Ich erinnere mich an die kleinen Bibelbüchlein mit der Geschichte von der Erschaffung der Welt oder der Erzählung von Zacharias und den Gleichnissen Jesu. Ich habe die typischen Bilder des niederländischen Malers Kees de Kort noch vor mir: die kräftigen Farben und die einfachen Formen.

Als ich älter war, habe ich an unzähligen Sonntagen im Gottesdienst aufmerksam den Bibeltexten zugehört – jedenfalls aufmerksamer als der darauffolgenden Predigt…

Während meines Theologiestudiums habe ich dann die Bibel einmal komplett chronologisch durchgelesen. Die Professoren damals haben mir gesagt: „Das macht man so.“

Die Bibel ist definitiv nicht mein Lieblingsbuch – aber sie ist das Buch, zu dem ich in den unterschiedlichsten Lebensphasen regelmäßig gegriffen habe. Als mein Opa gestorben ist, habe ich im Buch der Psalmen gelesen und mich in den Texten aufgehoben gefühlt. Und als ich mich mit meinem Mann auf unsere Hochzeit vorbereitet habe, haben wir einen kleinen Text aus dem Buch Rut entdeckt, in dem es darum geht sich gemeinsam auf den Weg zu machen -egal, was die Zukunft bringt. 

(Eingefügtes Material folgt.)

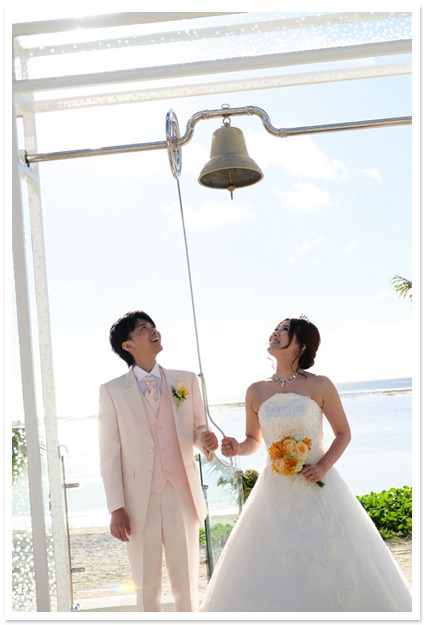 ウェディング　ティアラ　グローブ　結婚式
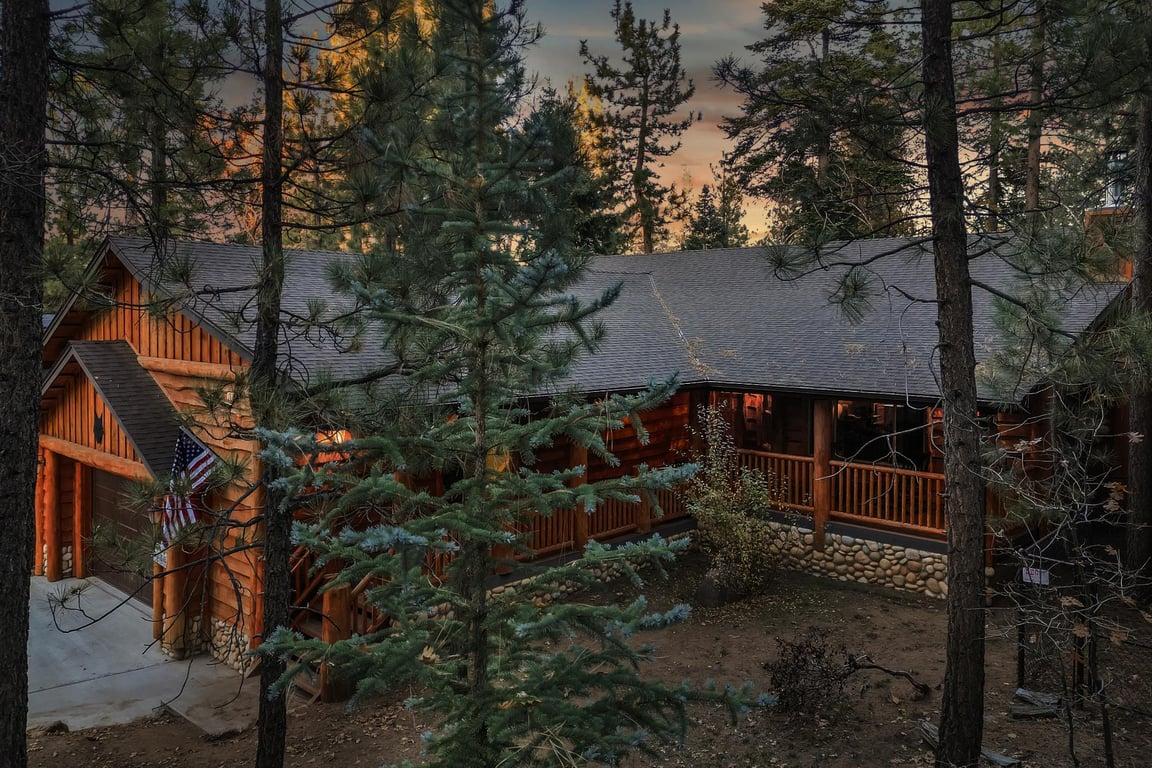 Cabin Image 65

Die Bibel ist aber auch ein Buch, mit dem ich immer wieder ringe, weil mir nicht alles gefällt, was ich darin lese. Zum Beispiel ringe ich mit dem Bild eines strafenden Gottes, der andere Völker gewaltsam vernichtet. Und ich muss immer wieder daran arbeiten, wie ich die Texte in die heutige Zeit für mich übersetzen kann.

Als ich angefangen habe zu überlegen, welche fünf Bücher meine Lebensbücher sind, habe ich nicht damit gerechnet, dass die Bibel dabei ist. Ich bin ein bisschen über mich selbst überrascht, aber es ist so.

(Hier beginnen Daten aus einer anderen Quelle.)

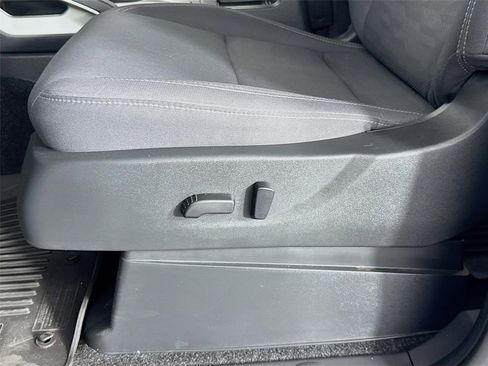 Used 2024 Nissan Frontier SV w/ SV Convenience Package RWD image 19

Zuerst habe ich die Bibel kindlich naiv gelesen und alles geglaubt was darin steht. Als Teenager haben mich die Texte stärker gemacht. Ich habe damals vor allem gelesen: Ich darf sein, wie ich bin. Später im Studium habe ich damit angefangen mich kritisch mit biblischen Texten auseinander zu setzen.

In jeder Phase meines Lebens habe ich in der Bibel etwas für mich entdecken können. Und ich lese die Geschichten nicht nur. Da passiert noch so viel mehr. Die Bibel bringt mich Vers für Vers in Kontakt mit Gott, es ist mein Lebensbuch.